» **Directions**:
The expected copy holds every entry exactly and none of the pictures.

» **Records from a dataset**:
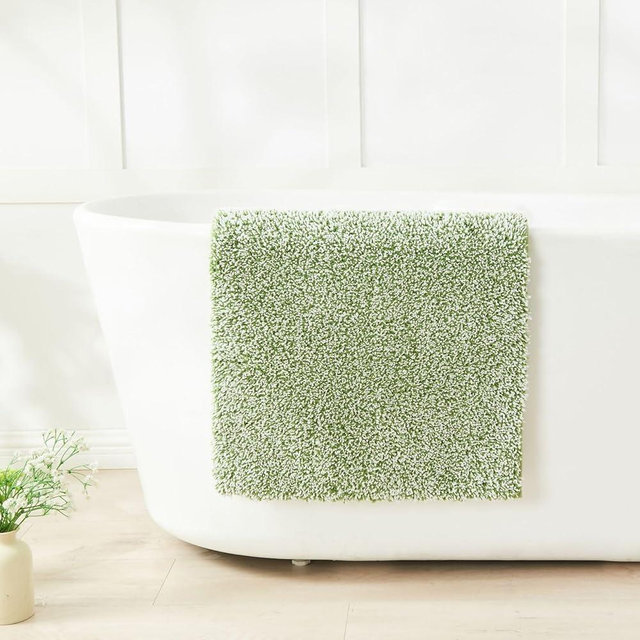 Douceur Sage Green Bathroom Rugs Non Slip, Luxury Thick Plush Shaggy Bath Mats Washable, Soft Fluffy Absorbent Bath Rugs, Quick Dry Shower Mat Gifts, 32" x 20"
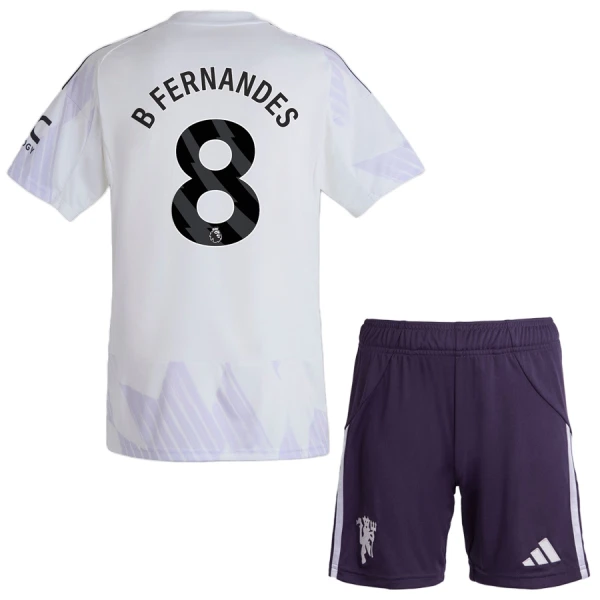 Billiga Fotbollströjor Barn Manchester United Bortaställ 2025/26 set Bruno Fernandes 8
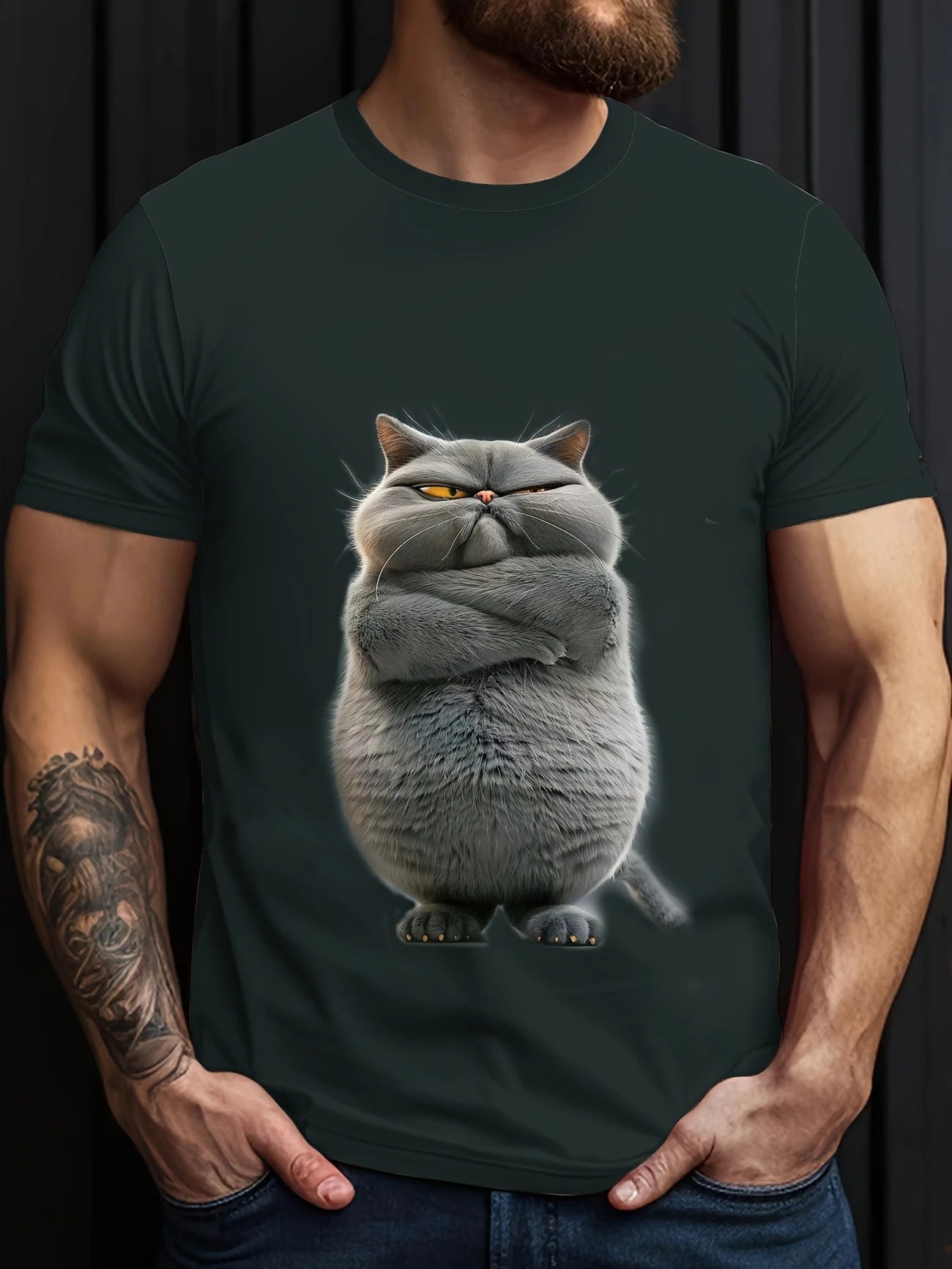 Funny Cat Print T-Shirt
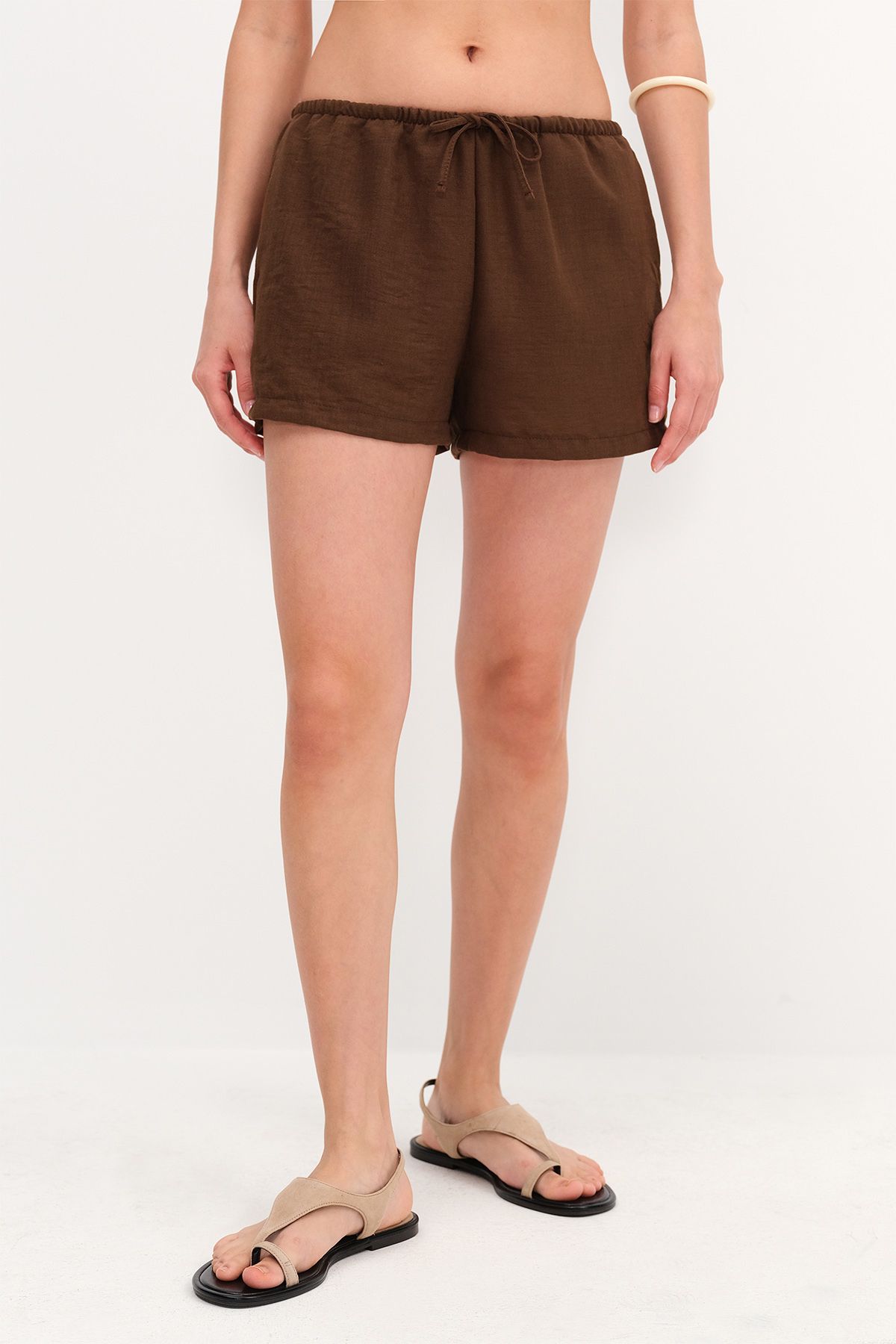Addax-Elastic Waist Shorts Ş17108 5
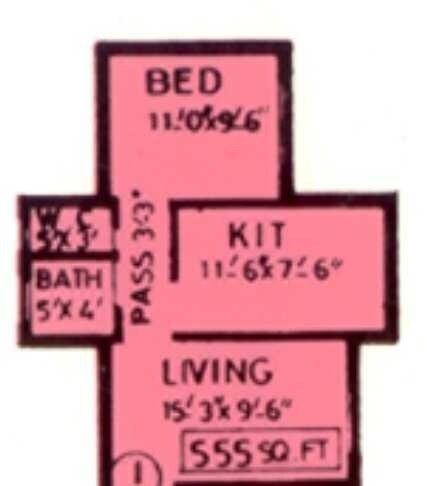 Floor plan of 1 BHK 555 Sq. Ft. Apartment in Dattani Barkha Bahaar, Mumbai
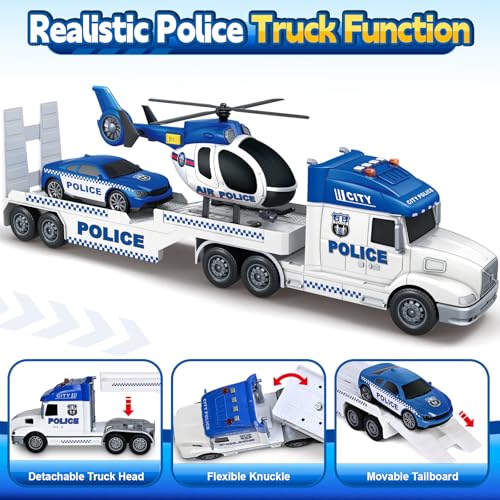 spring flower SpringFlower 3 4 5 Boy Toddlers Toys Extra Large Police Truck Toys with Racing Car and Helicopter 3 in 1 Police Car Toy Birthday Gifts for 3 4 5 6 Year Old Boys Toddlers Girls - Image 5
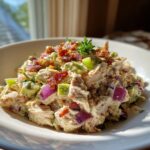 A close-up of creamy honey mustard chicken salad mixed with avocado, red onion, celery, and topped with crispy bacon.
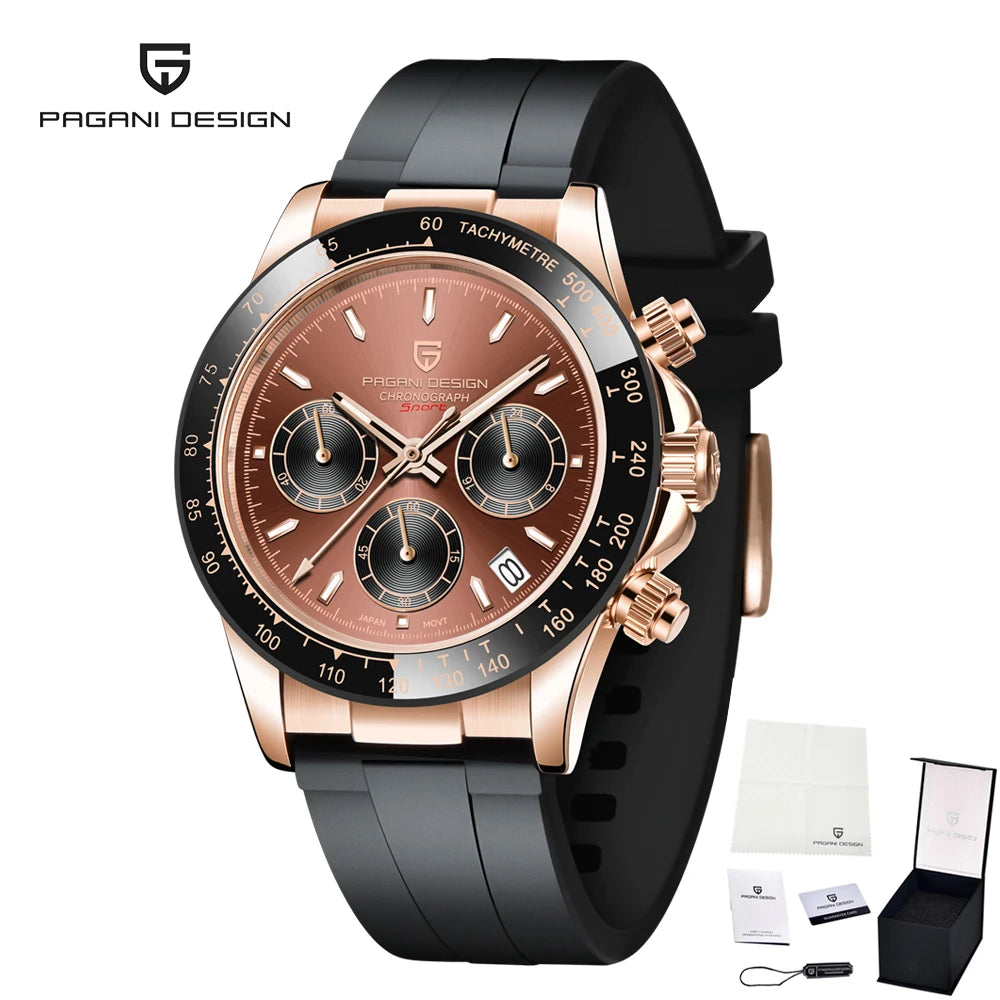 Montre Chronographe Homme Pagani Design PD-1664 Quartz Saphir 100m Caoutchouc – CLEVI Paris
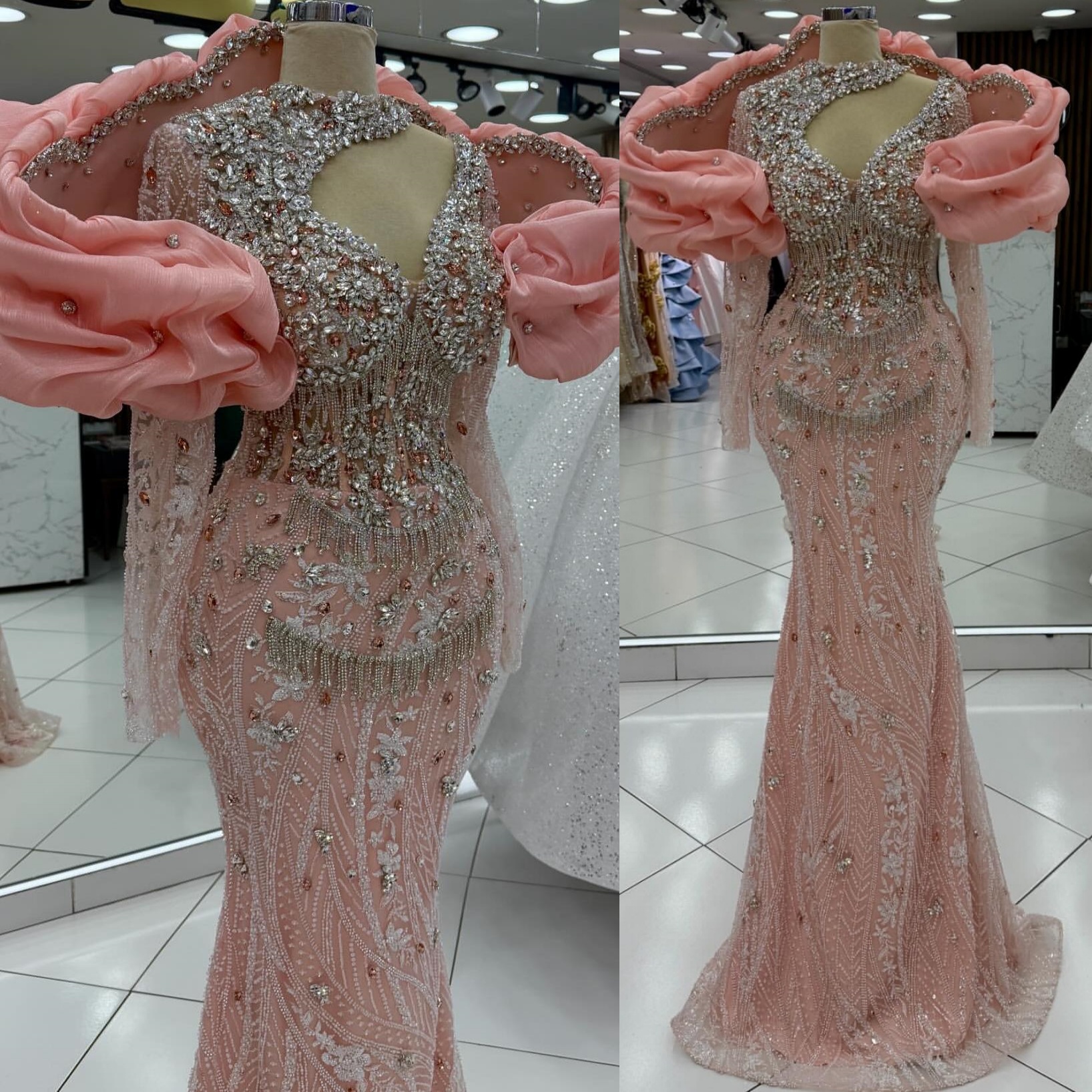 Aso Ebi Pink Mermaid Prom Dresses 2026 Beaded Crystals Tassels Sequined Evening Formal Party Second Birthday Engagement Gowns Dress For Special Occasi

» **Response**:
 Douceur Sage Green Bathroom Rugs Non Slip, Luxury Thick Plush Shaggy Bath Mats Washable, Soft Fluffy Absorbent Bath Rugs, Quick Dry Shower Mat Gifts, 32" x 20"
 Billiga Fotbollströjor Barn Manchester United Bortaställ 2025/26 set Bruno Fernandes 8
 Funny Cat Print T-Shirt
Addax-Elastic Waist Shorts Ş17108 5
 Floor plan of 1 BHK 555 Sq. Ft. Apartment in Dattani Barkha Bahaar, Mumbai
 spring flower SpringFlower 3 4 5 Boy Toddlers Toys Extra Large Police Truck Toys with Racing Car and Helicopter 3 in 1 Police Car Toy Birthday Gifts for 3 4 5 6 Year Old Boys Toddlers Girls - Image 5
 A close-up of creamy honey mustard chicken salad mixed with avocado, red onion, celery, and topped with crispy bacon.
 Montre Chronographe Homme Pagani Design PD-1664 Quartz Saphir 100m Caoutchouc – CLEVI Paris
 Aso Ebi Pink Mermaid Prom Dresses 2026 Beaded Crystals Tassels Sequined Evening Formal Party Second Birthday Engagement Gowns Dress For Special Occasi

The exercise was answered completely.